Porque eso es lo que
caracteriza a los derechos humanos: su universalidad, es decir, que sean
derechos de todas las personas.
Quienes han sido víctimas
del abuso del poder tienen derecho a un abogado que los defienda y tienen
derecho a una reparación integral por el daño que les fue causado. Eso es algo
que no se le puede regatear a nadie, le guste o no a Doña Isabel Miranda. Lo
dice la Constitución mexicana, lo dicen los tratados internacionales y lo apoya
el más elemental sentido de la justicia. No le podemos decir solamente “usted
disculpe” a una persona que ha sido torturada por la policía o por el ejército.
Si algo debería preocupar
a las organizaciones que dicen defender a las víctimas es lo lentos que son los
trámites para cobrar las indemnizaciones y el poco impacto (casi nulo) que han
tenido organismos públicos como la Comisión Ejecutiva de Atención a Víctimas,
que solamente ha logrado indemnizar a 114 personas en sus dos años de
existencia, a pesar de que datos del INEGI refieren la existencia de millones
de víctimas de la delincuencia o del abuso de poder cada año en México.
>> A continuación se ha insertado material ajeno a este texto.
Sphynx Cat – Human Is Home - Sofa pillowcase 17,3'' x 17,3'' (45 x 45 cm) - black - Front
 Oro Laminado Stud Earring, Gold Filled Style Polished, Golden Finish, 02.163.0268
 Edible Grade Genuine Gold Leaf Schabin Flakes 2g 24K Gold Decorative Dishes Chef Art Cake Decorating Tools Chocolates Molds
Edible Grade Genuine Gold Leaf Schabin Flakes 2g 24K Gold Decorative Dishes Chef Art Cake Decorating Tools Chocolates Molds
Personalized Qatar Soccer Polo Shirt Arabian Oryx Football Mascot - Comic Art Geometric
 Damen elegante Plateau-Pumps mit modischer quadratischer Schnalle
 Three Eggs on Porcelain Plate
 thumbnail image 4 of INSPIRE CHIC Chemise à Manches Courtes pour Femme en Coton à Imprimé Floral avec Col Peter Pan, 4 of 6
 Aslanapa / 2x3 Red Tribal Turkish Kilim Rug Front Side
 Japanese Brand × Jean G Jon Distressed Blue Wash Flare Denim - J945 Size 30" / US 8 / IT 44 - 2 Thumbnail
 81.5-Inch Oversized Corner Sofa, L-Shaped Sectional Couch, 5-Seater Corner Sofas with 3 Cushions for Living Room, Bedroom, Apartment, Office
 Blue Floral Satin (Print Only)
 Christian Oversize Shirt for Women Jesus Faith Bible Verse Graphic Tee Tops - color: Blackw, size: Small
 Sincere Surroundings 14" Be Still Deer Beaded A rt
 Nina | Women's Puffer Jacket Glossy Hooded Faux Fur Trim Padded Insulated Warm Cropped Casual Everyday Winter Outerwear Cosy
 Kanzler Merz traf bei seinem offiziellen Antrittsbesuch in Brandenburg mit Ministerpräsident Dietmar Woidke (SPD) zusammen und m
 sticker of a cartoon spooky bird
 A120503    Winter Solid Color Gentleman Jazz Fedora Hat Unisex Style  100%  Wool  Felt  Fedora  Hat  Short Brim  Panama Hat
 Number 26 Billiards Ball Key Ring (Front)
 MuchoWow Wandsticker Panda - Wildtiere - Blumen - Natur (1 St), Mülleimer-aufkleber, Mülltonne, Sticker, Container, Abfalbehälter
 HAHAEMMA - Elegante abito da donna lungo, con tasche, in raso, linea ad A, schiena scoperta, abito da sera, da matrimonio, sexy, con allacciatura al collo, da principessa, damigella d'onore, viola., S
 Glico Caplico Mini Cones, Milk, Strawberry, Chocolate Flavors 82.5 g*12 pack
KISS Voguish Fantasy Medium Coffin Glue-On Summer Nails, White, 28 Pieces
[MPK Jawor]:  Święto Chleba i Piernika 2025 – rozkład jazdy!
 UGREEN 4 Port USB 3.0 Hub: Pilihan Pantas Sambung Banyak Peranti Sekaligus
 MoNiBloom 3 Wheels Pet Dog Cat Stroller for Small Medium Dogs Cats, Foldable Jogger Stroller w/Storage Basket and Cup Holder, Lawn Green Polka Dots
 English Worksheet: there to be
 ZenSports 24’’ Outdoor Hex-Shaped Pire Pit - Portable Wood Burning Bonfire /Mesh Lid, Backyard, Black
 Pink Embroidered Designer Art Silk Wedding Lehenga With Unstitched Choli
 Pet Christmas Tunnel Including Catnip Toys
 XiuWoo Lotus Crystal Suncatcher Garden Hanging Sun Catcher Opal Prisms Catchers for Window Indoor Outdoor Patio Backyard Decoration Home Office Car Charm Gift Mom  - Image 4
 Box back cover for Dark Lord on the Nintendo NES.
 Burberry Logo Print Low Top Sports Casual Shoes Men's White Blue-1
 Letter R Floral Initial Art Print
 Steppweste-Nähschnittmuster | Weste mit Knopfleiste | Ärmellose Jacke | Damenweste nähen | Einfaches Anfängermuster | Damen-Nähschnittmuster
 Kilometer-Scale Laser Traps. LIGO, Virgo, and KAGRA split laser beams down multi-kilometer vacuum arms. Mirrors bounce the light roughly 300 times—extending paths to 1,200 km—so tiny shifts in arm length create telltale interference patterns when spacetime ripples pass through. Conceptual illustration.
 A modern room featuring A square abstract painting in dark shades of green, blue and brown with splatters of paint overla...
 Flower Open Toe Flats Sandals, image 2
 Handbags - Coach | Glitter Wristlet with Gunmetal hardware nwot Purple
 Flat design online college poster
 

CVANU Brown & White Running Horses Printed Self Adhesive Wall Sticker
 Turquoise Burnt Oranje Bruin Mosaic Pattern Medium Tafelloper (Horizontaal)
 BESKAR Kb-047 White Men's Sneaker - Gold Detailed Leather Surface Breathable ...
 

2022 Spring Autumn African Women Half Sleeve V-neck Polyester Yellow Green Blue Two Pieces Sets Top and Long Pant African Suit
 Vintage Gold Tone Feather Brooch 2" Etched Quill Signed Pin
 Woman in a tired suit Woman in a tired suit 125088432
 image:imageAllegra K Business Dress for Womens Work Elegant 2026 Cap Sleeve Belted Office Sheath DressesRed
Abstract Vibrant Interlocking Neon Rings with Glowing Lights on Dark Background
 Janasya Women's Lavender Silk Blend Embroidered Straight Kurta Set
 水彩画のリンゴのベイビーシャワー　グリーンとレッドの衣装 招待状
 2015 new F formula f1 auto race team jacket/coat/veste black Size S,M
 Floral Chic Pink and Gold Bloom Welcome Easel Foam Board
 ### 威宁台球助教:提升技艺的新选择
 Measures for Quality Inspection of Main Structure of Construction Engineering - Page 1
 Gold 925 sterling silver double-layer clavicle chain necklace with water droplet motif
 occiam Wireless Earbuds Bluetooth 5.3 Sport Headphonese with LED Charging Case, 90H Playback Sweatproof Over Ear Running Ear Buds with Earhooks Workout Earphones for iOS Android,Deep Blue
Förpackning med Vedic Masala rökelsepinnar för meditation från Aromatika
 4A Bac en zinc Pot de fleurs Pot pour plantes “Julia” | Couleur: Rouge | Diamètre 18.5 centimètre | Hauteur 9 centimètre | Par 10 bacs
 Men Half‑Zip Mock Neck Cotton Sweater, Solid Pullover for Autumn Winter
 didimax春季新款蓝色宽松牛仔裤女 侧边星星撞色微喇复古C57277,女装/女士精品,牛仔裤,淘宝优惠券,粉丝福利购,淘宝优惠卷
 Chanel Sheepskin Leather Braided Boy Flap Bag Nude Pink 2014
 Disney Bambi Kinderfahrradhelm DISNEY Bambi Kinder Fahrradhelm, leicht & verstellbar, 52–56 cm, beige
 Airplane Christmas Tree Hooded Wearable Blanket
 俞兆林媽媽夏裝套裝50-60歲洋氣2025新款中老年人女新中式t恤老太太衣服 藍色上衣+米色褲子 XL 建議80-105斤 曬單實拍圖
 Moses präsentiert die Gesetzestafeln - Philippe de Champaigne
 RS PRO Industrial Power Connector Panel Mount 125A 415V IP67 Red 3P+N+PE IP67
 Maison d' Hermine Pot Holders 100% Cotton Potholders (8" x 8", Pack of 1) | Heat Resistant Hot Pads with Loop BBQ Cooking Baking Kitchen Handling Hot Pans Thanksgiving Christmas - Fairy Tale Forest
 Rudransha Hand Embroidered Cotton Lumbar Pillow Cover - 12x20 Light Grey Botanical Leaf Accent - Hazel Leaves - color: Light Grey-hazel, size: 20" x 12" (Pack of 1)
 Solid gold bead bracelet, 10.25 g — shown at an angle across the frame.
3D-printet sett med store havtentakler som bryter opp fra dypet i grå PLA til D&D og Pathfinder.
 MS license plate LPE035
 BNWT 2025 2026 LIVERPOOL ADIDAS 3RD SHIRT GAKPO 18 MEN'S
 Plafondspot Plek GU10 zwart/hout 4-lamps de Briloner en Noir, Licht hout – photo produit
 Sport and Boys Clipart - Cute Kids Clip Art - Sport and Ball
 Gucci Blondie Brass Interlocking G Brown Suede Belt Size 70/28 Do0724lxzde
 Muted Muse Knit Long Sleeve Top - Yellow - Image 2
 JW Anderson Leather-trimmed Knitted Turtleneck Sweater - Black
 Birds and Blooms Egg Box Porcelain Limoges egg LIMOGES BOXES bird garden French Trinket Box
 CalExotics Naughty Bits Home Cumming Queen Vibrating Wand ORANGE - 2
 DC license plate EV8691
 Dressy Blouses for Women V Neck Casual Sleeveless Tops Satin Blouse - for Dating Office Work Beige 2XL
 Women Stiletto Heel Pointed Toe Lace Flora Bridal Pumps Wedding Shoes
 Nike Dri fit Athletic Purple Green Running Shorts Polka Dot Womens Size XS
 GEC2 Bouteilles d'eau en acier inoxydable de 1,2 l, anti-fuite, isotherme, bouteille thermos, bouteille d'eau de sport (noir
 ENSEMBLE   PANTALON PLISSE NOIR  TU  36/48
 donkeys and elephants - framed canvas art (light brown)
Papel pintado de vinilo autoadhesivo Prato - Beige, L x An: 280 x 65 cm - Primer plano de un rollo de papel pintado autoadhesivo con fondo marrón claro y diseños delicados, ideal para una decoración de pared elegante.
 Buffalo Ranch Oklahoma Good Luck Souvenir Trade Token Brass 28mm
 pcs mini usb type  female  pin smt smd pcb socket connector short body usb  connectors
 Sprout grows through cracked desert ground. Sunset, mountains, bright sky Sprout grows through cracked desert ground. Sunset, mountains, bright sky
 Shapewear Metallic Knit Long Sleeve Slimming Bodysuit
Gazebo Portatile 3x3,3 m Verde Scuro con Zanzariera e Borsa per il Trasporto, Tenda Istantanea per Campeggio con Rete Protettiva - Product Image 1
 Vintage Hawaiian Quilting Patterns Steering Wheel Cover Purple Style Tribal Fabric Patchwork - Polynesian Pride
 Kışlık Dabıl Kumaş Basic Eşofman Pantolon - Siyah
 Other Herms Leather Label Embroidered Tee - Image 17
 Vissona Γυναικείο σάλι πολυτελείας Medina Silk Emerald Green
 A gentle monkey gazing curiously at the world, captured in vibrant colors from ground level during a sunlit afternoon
Los defensores de derechos
humanos deberían ser considerados héroes dentro de nuestra trágica realidad
nacional, y no como villanos. Hace falta ser muy valiente en México para
denunciar torturas, desapariciones forzadas, ejecuciones extrajudiciales y los
demás delitos que se han cometido y se siguen cometiendo por parte de las
autoridades mexicanas, federales, estatales y municipales. Lejos de merecer una
crítica o descalificación, los defensores de derechos humanos merecen el más
entusiasta aplauso. Ojalá hubiera muchos como ellos.